Material provided:

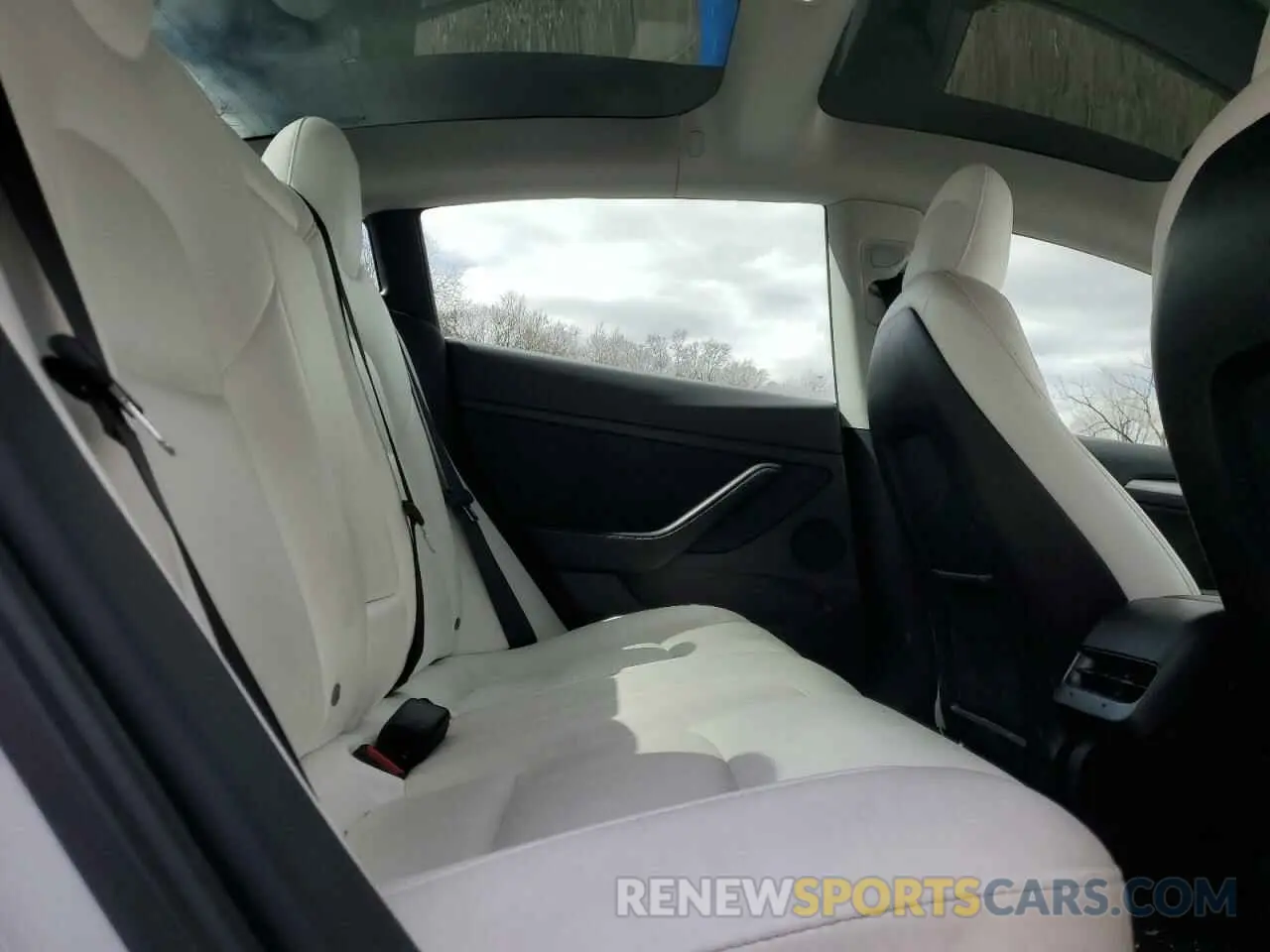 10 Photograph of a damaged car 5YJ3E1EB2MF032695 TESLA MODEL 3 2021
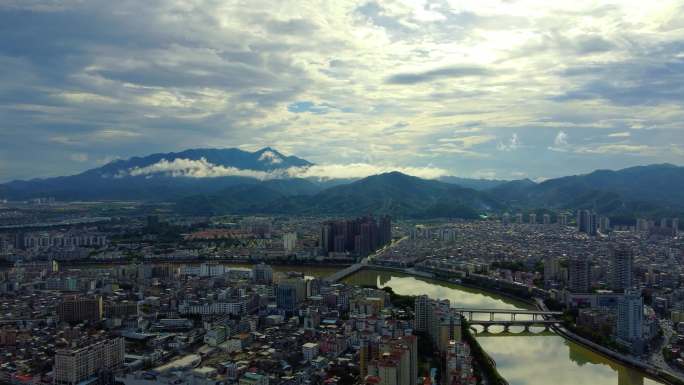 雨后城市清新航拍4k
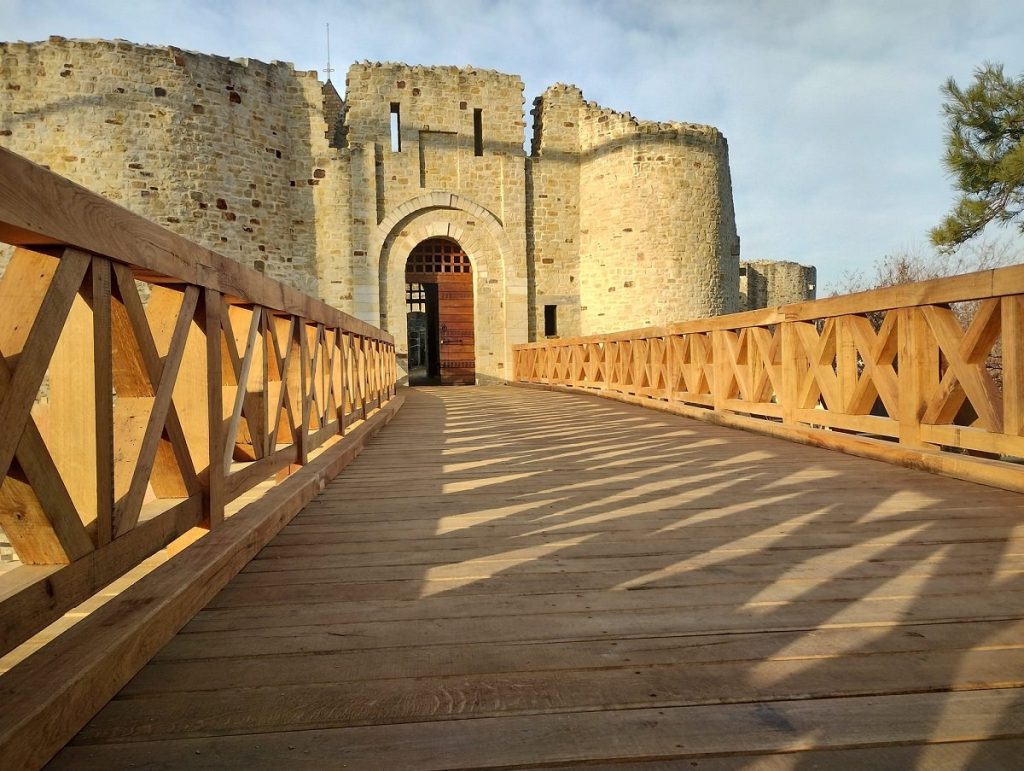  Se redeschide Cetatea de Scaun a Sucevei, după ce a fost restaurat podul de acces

Work order: Each line of the data above should be reproduced without alteration, and no picture should appear in the copy.

Expected output:
 10 Photograph of a damaged car 5YJ3E1EB2MF032695 TESLA MODEL 3 2021
 雨后城市清新航拍4k
  Se redeschide Cetatea de Scaun a Sucevei, după ce a fost restaurat podul de acces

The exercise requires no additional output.